The Eritrean ambassador to the Netherlands has been summoned to appear before ministers in The Hague on Friday to discuss last weekend’s events which led to the cancellation of a conference in Veldhoven.

The aim of the meeting is ‘to express our concerns’, caretaker social affairs minister Lodewijk Asscher told MPs on Wednesday evening.

The People’s Front for Democracy and Justice, the only political party permitted in Eritrea, had planned to hold its annual youth European conference in the Netherlands from Friday to Sunday.

However, Veldhoven mayor Jack Mikkers banned the meeting from taking place after police arrested 128 protestors outside the conference centre. All were released later.

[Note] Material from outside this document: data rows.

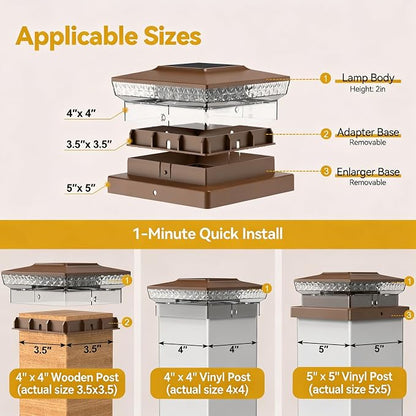 KEILAIMO Solar Post Cap Lights, 12-Pack Upgraded Outdoor Deck Fence Post Solar Lights for 4x4 5x5 Wood/Vinyl Posts, IP65 Waterproof, 10-12 Hours Warm/Cool White Glow for Garden/Patio/Porch - Brown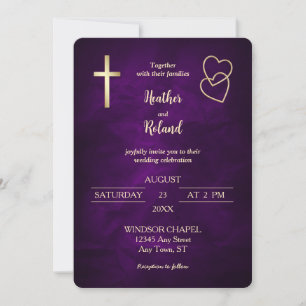 Lila Guld Hearts Christian Kor Bröllop Inbjudningar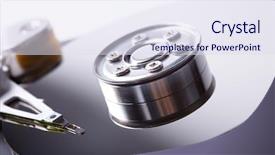  Presentation with hard disk drive - PPT theme featuring opened hard disk drive background and a sky blue colored foreground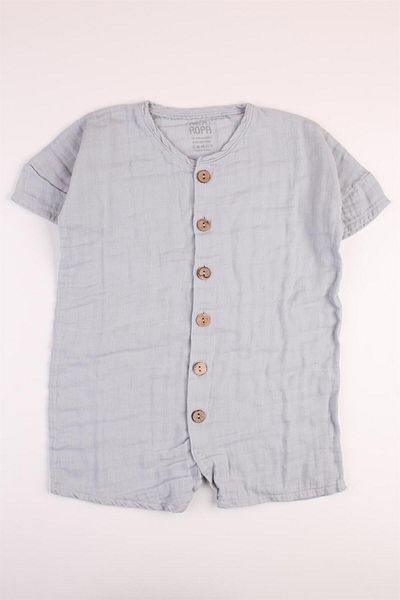 Mini Ropa Muslin Jumpsuit Organic Short Sleeve Summer Jumpsuit Gray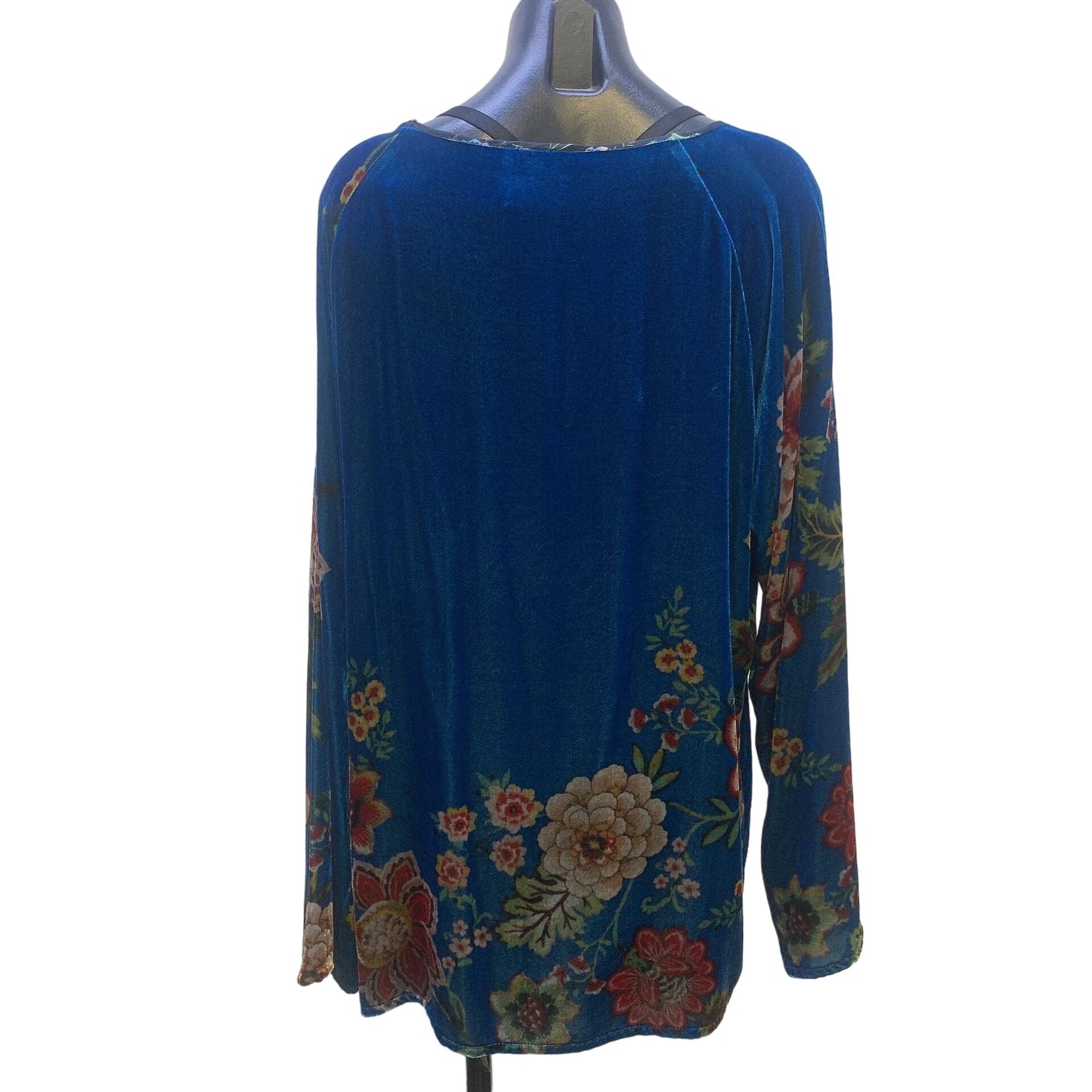 Johnny Was Blue w/Multicolored Print Velvet Long Sleeve Tunic Blouse Size Large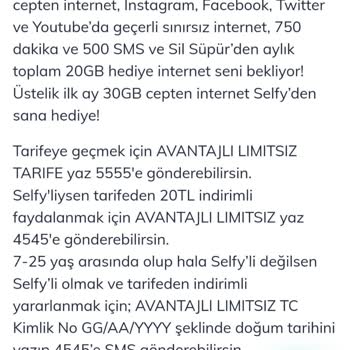 Türk Telekom Selfy Avantaj Limitsiz Sosyal Tarifesi Mağduru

The speakers were due to include Yemane Gebreab, who is an advisor to Eritrean president Isaias Afewerki.

Demonstrators said the conference is a sign of the grip the government tries to maintain on Eritreans abroad, many of whom fled the regime as refugees.

They also claimed that people attending the conference would be asked to spy on their fellow Eritreans and that people who refused to pay a €50 contribution towards the organisation were being put on a black list.

Grip

Tilburg University professor Mirjam van Reisen told NOS last week: ‘The government wants to show the Eritrean community that it still rules in the Netherlands.’

Eritrea has been condemned by the UN for crimes against humanity and the UN estimates hundreds of thousands of Eritreans have fled the country in recent years.

Dutch government ministers said earlier they were unhappy about the meeting being held on Dutch soil but that there were no grounds to ban it in advance.